Genau diese Verbindung von Innen und Außen zieht sich durch das gesamte Konzept. Die Natur ist hier keine Kulisse – sie wird Teil des Wohnens. Nach einem Saunagang noch in den warmen Badezuber auf der eigenen Terrasse zu steigen, ein Glas Wein in der Hand zu halten und den Blick über den gepflegten Garten bis in den Wald schweifen zu lassen, gehört zu den Momenten, die man am liebsten festhalten würde. Viel mehr braucht es manchmal gar nicht.

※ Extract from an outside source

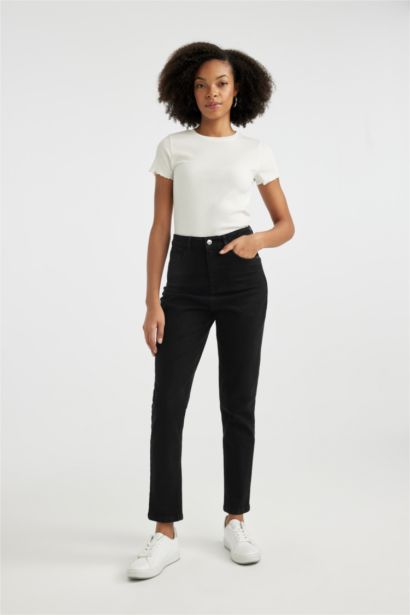 Mom Jean Confortable à Taille Haute et Jambes Légèrement skinny Modèle Lina Comfort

Und dann ist da natürlich noch der Wald selbst. Er beginnt direkt vor der Haustür und lädt dazu ein, einfach loszulaufen. Ohne Ziel. Ohne Zeitdruck. Mal folgt man einem schmalen Pfad, mal bleibt man einfach stehen und hört den Wind in den Baumwipfeln. Irgendwann merkt man, dass die Gedanken nicht mehr um E-Mails, Termine oder die nächste To-do-Liste kreisen.
Die neuen Suiten in der Lodge
Wer bei der Buchung kein Chalet mehr ergattert, muss übrigens keineswegs enttäuscht sein. Ganz im Gegenteil. Die Suiten in der FORSTGUT.LODGE sind eine echte Alternative. Sie wurden für zwei Personen konzipiert und bieten alles, was es für eine entspannte Auszeit braucht: eine private Sauna, eine freistehende Badewanne und einen Panoramaausblick auf ein scheinbar endloses Meer aus Grün. Die Grundrisse sind ähnlich, jede Suite besitzt jedoch ihren eigenen Charakter.
Kaum zu glauben: Das Gebäude war früher ein Gruppenhaus für bis zu 28 Personen. Nach der Corona-Pandemie wurde das Konzept umgestellt. Das Haus wurde bis auf den Rohbau zurückgebaut und in mehrere hochwertige Suiten verwandelt. Das Ziel war dabei klar: maximale Privatsphäre statt klassischer Hotelatmosphäre. Deshalb verfügen die meisten Suiten über einen eigenen Außeneingang. Lange Hotelflure oder ständig vorbeilaufende Gäste sucht man hier vergeblich – stattdessen fühlt sich der Aufenthalt fast so an, als hätte man ein kleines Refugium ganz für sich allein.
(Stand: Jul 2026)
In Sachen Transparenz: Wir danken dem FORSTGUT für die Unterstützung unserer Recherche.